# The task
Will you extract the entries word for word? Images should not appear in the copy.

# Study material
· · · · · · ·

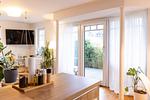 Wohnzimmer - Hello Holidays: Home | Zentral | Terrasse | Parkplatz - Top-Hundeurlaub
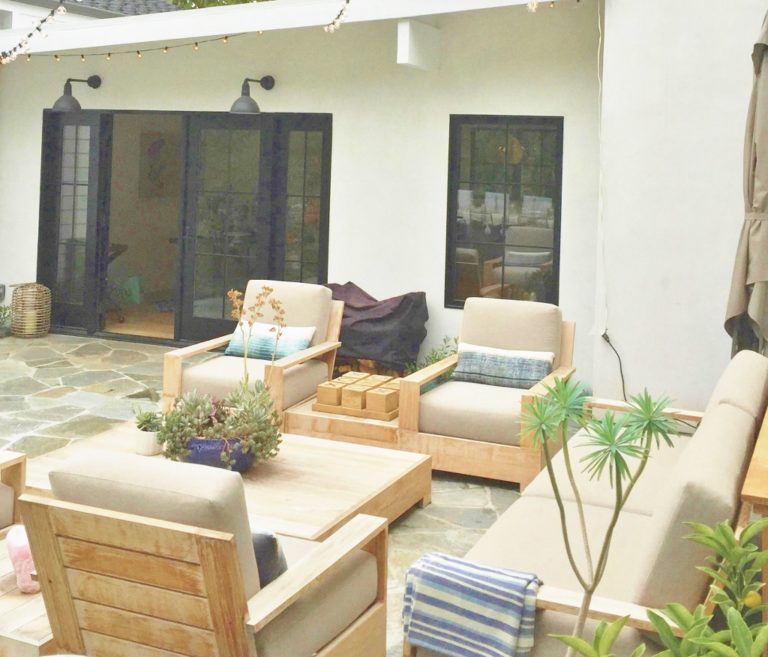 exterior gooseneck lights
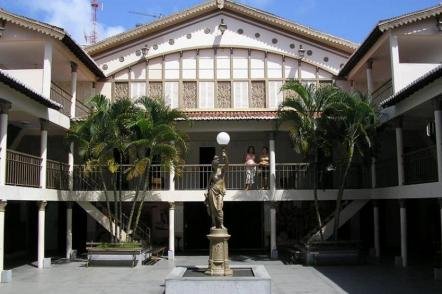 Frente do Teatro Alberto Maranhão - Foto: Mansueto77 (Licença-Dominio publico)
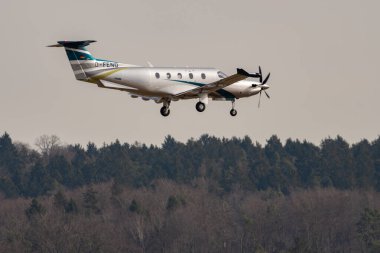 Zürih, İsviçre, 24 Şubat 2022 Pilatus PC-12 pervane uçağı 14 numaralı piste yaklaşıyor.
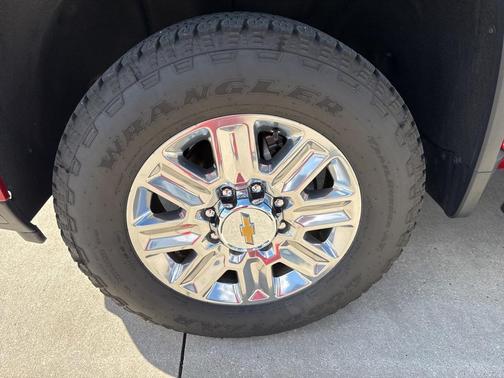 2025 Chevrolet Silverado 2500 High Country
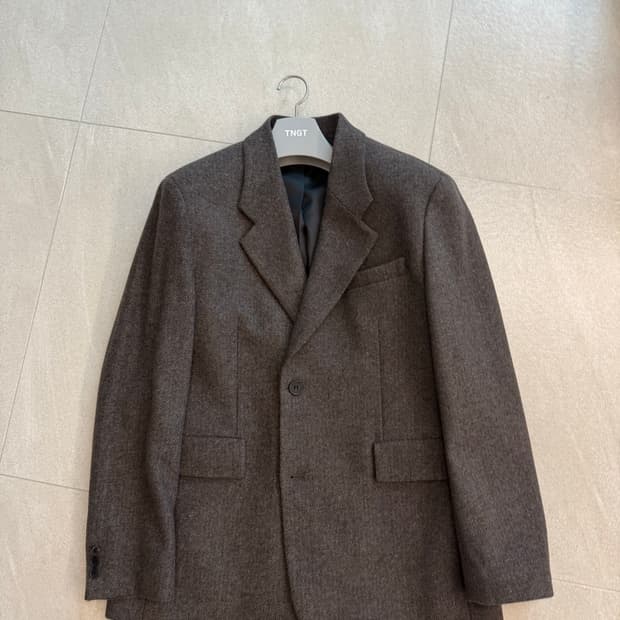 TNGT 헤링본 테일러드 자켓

· · · · · · ·

# Result of this task
 Wohnzimmer - Hello Holidays: Home | Zentral | Terrasse | Parkplatz - Top-Hundeurlaub
 exterior gooseneck lights
 Frente do Teatro Alberto Maranhão - Foto: Mansueto77 (Licença-Dominio publico)
 Zürih, İsviçre, 24 Şubat 2022 Pilatus PC-12 pervane uçağı 14 numaralı piste yaklaşıyor.
 2025 Chevrolet Silverado 2500 High Country
 TNGT 헤링본 테일러드 자켓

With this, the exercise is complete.